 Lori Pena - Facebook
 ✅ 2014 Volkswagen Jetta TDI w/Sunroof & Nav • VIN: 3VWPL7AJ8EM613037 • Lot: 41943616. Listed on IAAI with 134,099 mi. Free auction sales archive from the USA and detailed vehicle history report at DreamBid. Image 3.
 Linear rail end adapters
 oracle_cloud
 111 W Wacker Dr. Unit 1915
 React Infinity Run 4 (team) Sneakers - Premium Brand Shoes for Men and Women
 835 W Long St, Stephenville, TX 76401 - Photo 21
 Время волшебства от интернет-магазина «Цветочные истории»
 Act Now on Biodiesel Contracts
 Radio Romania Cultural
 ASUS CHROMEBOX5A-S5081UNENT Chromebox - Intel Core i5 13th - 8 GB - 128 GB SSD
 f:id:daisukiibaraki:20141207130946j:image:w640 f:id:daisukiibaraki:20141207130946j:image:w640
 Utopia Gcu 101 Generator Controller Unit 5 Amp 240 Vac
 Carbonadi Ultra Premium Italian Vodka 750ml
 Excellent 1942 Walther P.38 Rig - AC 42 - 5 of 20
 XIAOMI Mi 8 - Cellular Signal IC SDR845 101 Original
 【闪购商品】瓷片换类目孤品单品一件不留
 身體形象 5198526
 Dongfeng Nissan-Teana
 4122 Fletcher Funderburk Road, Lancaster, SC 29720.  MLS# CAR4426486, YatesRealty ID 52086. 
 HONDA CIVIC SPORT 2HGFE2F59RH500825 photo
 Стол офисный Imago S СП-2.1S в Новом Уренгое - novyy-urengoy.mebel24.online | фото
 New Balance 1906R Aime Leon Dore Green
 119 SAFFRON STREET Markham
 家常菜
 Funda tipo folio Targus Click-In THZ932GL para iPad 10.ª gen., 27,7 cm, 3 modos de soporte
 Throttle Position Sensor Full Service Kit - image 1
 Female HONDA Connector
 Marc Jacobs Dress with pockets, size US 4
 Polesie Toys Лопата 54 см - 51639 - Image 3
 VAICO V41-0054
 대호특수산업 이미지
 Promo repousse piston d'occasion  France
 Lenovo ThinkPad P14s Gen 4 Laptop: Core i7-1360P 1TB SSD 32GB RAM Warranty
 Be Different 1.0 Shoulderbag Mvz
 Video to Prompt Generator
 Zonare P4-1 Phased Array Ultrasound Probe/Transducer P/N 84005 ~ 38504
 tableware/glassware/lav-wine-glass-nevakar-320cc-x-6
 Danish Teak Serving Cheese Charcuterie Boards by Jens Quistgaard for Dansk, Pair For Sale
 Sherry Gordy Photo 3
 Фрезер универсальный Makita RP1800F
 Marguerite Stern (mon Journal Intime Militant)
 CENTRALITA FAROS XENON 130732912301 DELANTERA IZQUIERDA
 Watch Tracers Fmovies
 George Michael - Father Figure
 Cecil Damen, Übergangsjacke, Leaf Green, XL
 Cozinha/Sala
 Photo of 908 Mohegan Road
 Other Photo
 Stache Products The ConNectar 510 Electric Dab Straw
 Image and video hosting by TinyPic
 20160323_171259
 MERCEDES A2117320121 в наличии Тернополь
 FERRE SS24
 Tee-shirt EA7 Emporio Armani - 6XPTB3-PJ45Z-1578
•••••
▶ [The problem] The entries above should be set down again exactly as they appear.

▶ [Your response]
 Lori Pena - Facebook
 ✅ 2014 Volkswagen Jetta TDI w/Sunroof & Nav • VIN: 3VWPL7AJ8EM613037 • Lot: 41943616. Listed on IAAI with 134,099 mi. Free auction sales archive from the USA and detailed vehicle history report at DreamBid. Image 3.
 Linear rail end adapters
 oracle_cloud
 111 W Wacker Dr. Unit 1915
 React Infinity Run 4 (team) Sneakers - Premium Brand Shoes for Men and Women
 835 W Long St, Stephenville, TX 76401 - Photo 21
 Время волшебства от интернет-магазина «Цветочные истории»
 Act Now on Biodiesel Contracts
 Radio Romania Cultural
 ASUS CHROMEBOX5A-S5081UNENT Chromebox - Intel Core i5 13th - 8 GB - 128 GB SSD
 f:id:daisukiibaraki:20141207130946j:image:w640 f:id:daisukiibaraki:20141207130946j:image:w640
 Utopia Gcu 101 Generator Controller Unit 5 Amp 240 Vac
 Carbonadi Ultra Premium Italian Vodka 750ml
 Excellent 1942 Walther P.38 Rig - AC 42 - 5 of 20
 XIAOMI Mi 8 - Cellular Signal IC SDR845 101 Original
 【闪购商品】瓷片换类目孤品单品一件不留
 身體形象 5198526
 Dongfeng Nissan-Teana
 4122 Fletcher Funderburk Road, Lancaster, SC 29720.  MLS# CAR4426486, YatesRealty ID 52086. 
 HONDA CIVIC SPORT 2HGFE2F59RH500825 photo
 Стол офисный Imago S СП-2.1S в Новом Уренгое - novyy-urengoy.mebel24.online | фото
 New Balance 1906R Aime Leon Dore Green
 119 SAFFRON STREET Markham
 家常菜
 Funda tipo folio Targus Click-In THZ932GL para iPad 10.ª gen., 27,7 cm, 3 modos de soporte
 Throttle Position Sensor Full Service Kit - image 1
 Female HONDA Connector
 Marc Jacobs Dress with pockets, size US 4
 Polesie Toys Лопата 54 см - 51639 - Image 3
 VAICO V41-0054
 대호특수산업 이미지
 Promo repousse piston d'occasion  France
 Lenovo ThinkPad P14s Gen 4 Laptop: Core i7-1360P 1TB SSD 32GB RAM Warranty
 Be Different 1.0 Shoulderbag Mvz
 Video to Prompt Generator
 Zonare P4-1 Phased Array Ultrasound Probe/Transducer P/N 84005 ~ 38504
 tableware/glassware/lav-wine-glass-nevakar-320cc-x-6
 Danish Teak Serving Cheese Charcuterie Boards by Jens Quistgaard for Dansk, Pair For Sale
 Sherry Gordy Photo 3
 Фрезер универсальный Makita RP1800F
 Marguerite Stern (mon Journal Intime Militant)
 CENTRALITA FAROS XENON 130732912301 DELANTERA IZQUIERDA
 Watch Tracers Fmovies
 George Michael - Father Figure
 Cecil Damen, Übergangsjacke, Leaf Green, XL
 Cozinha/Sala
 Photo of 908 Mohegan Road
 Other Photo
 Stache Products The ConNectar 510 Electric Dab Straw
 Image and video hosting by TinyPic
 20160323_171259
 MERCEDES A2117320121 в наличии Тернополь
 FERRE SS24
 Tee-shirt EA7 Emporio Armani - 6XPTB3-PJ45Z-1578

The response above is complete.